Moe to express 'serious disagreement' over pipeline at premier's meeting

Moe to express 'serious disagreement' over pipeline at premier's meeting

Alberta's allies in the Kinder Morgan dispute refused to sign a pro-pipeline declaration Wednesday at a meeting of western premiers, with provincial leaders sidestepping the heated feud between British Columbia and its neighbour.

This week, Alberta premier Rachel Notley had bowed out of a Western premier's meeting, saying she planned to concentrate on the pipeline project ahead of the May 31 deadline. There is already ample enough evidence present from the NDP's own election platform for the federal government to file a legal claim against B.C., seeking damages for violating Ottawa's legal right to approve projects in the national interest.

Advocating the project in a Vancouver Sun editorial, Notley wrote, "We can get a fair return for our oil produced under an emissions cap or we can see those resources evaporate".

Conservative MP Shannon Stubbs, who represents Lakeland in northeast Alberta, will introduce the bill to the House of Commons within the next two days, Cousineau said.
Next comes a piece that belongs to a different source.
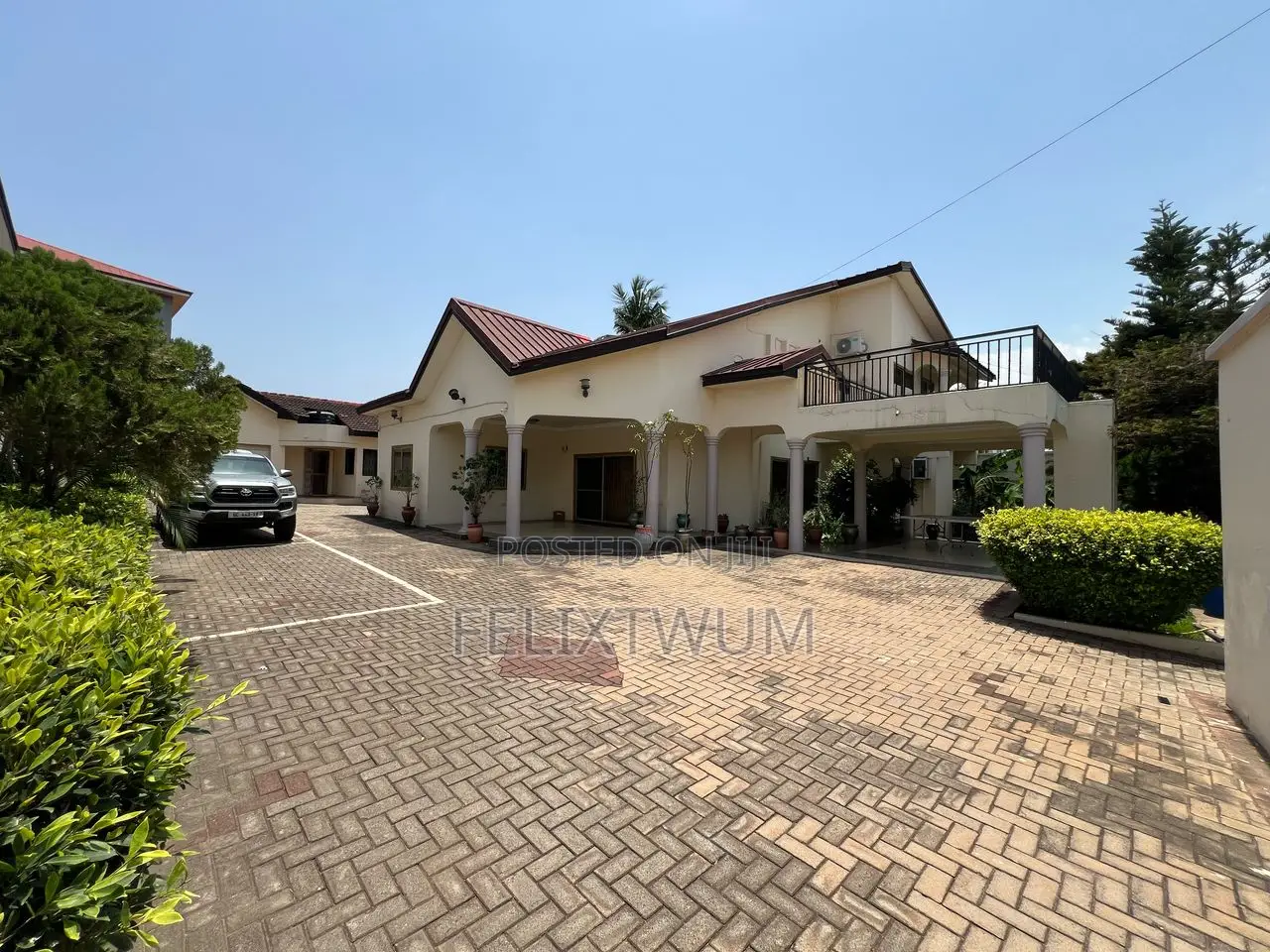5bdrm House in Accra Metropolitan for sale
With this lawsuit, British Columbia seeks "a declaration that the Act is inconsistent, in whole or in part, with the Constitution of Canada and is of no force and effect". "Second, it provides certainty that Kinder Morgan is requesting in order to allow them to continue their work in constructing the Trans Mountain Pipeline", Black said during the senate's third reading of the bill, calling it "extraordinarily straightforward".
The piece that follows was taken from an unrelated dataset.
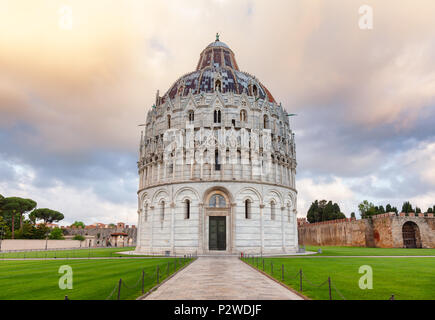 Mittelalterliche runde Romanische Pisa Baptisterium von St. John (Pisa Baptisterium) an der Piazza dei Miracoli (Platz der Wunder) oder die Piazza del Duomo (Kathedrale Squa Stockfoto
"My message on every item on the agenda was that you can't talk about ways to spend money without talking about how we are going to grow the economy", Ms. Hoffman said.

Woman held captive slips note to veterinary employee
On Friday, she convinced him to let her take their dog to the DeLand Animal Hospital, but he insisted on coming with her. A woman escaped Friday from her violent, gun-wielding boyfriend, according to the Volusia County Sheriff's Office .

Earlier in the week, Horgan said he didn't expect any drama at the meetings over Trans Mountain.

With that deadline looming, B.C. business leaders flew to Edmonton last Thursday to show their backing for the project, which would almost triple the flow of diluted bitumen from the Alberta oilsands and increase tanker traffic sevenfold.

She and other Alberta ministers made similar statements when Bill 12 was introduced, debated and passed, leaving no doubt that "its objective was to authorize the government of Alberta to reduce supplies of crude oil, natural gas and refined fuels to cause economic harm to British Columbians in order to punish and put pressure on B.C".

Mr. Horgan told reporters on Wednesday the two cases are different.

When the B.C. New Democrats challenged the Alberta government move to restrict crude oil exports to this province, they had to fill a gap in the enabling legislation for the threat. One is diluted bitumen. "A significant disruption in the supply of gasoline, diesel, and crude oil from Alberta would cause B.C. irreparable harm".